● Task to carry out: Find the line below with "你也是平西王？塞尔塔新赛季西甲9轮不胜，7场与对手1-1打平" and the line with "mật tình chapter 2 19". Output exactly those lines and everything between them, leaving out the pictures.

● Data extracts:
Start of Block

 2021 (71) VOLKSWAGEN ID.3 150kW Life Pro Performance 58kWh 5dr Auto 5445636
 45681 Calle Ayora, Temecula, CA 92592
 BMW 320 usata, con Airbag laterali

End of Block
Start of Block

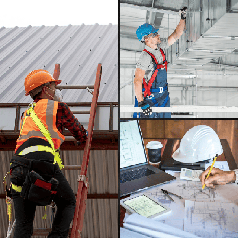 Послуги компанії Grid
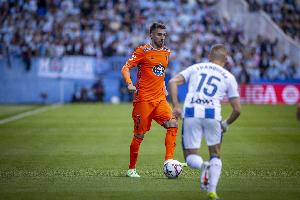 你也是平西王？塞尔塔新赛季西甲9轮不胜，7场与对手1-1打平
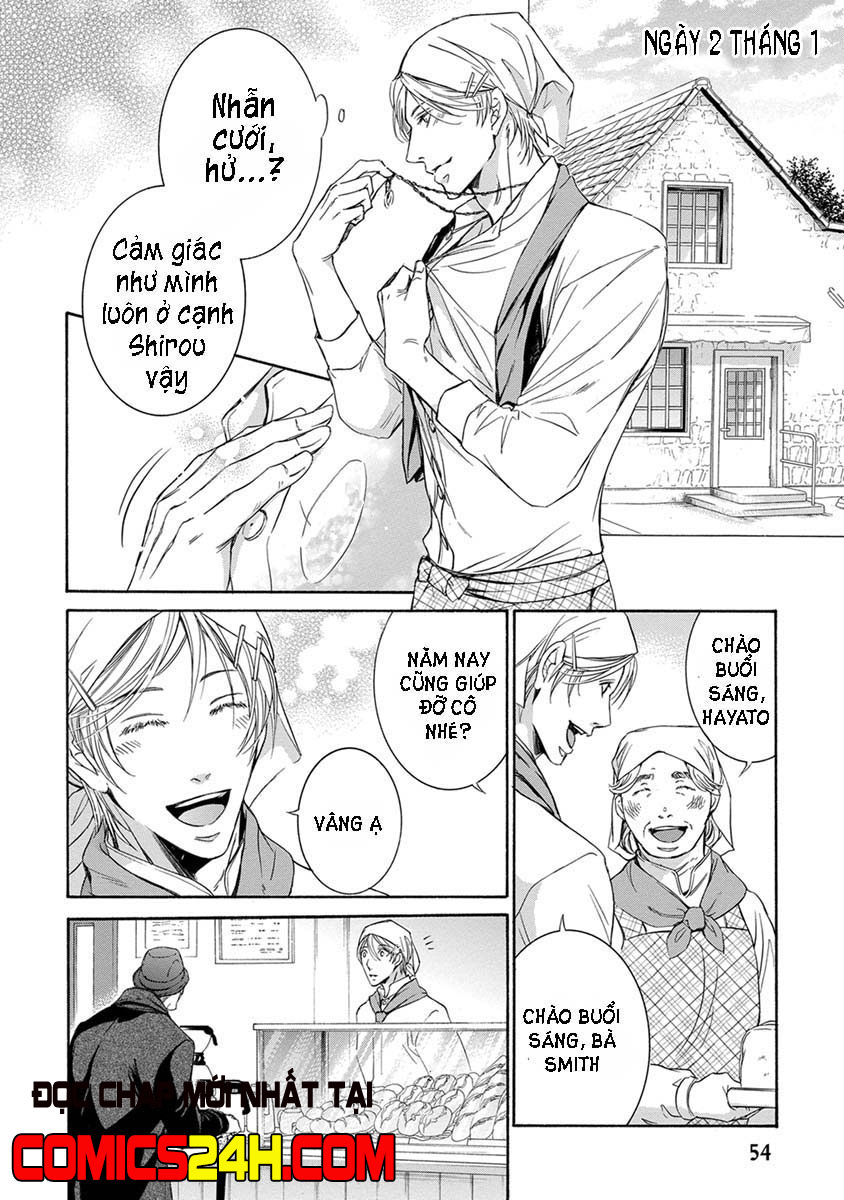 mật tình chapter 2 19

End of Block
Start of Block

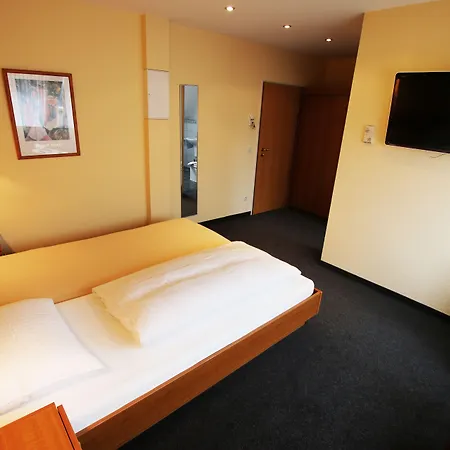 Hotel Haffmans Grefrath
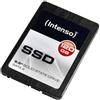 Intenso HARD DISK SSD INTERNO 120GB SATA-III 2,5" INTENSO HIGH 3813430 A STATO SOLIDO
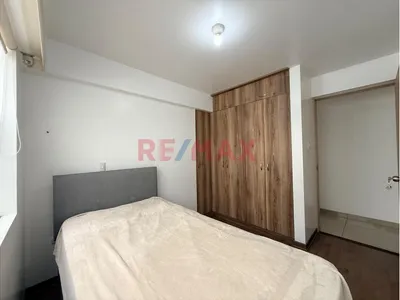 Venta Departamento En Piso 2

End of Block

● Finished task:
 你也是平西王？塞尔塔新赛季西甲9轮不胜，7场与对手1-1打平
 mật tình chapter 2 19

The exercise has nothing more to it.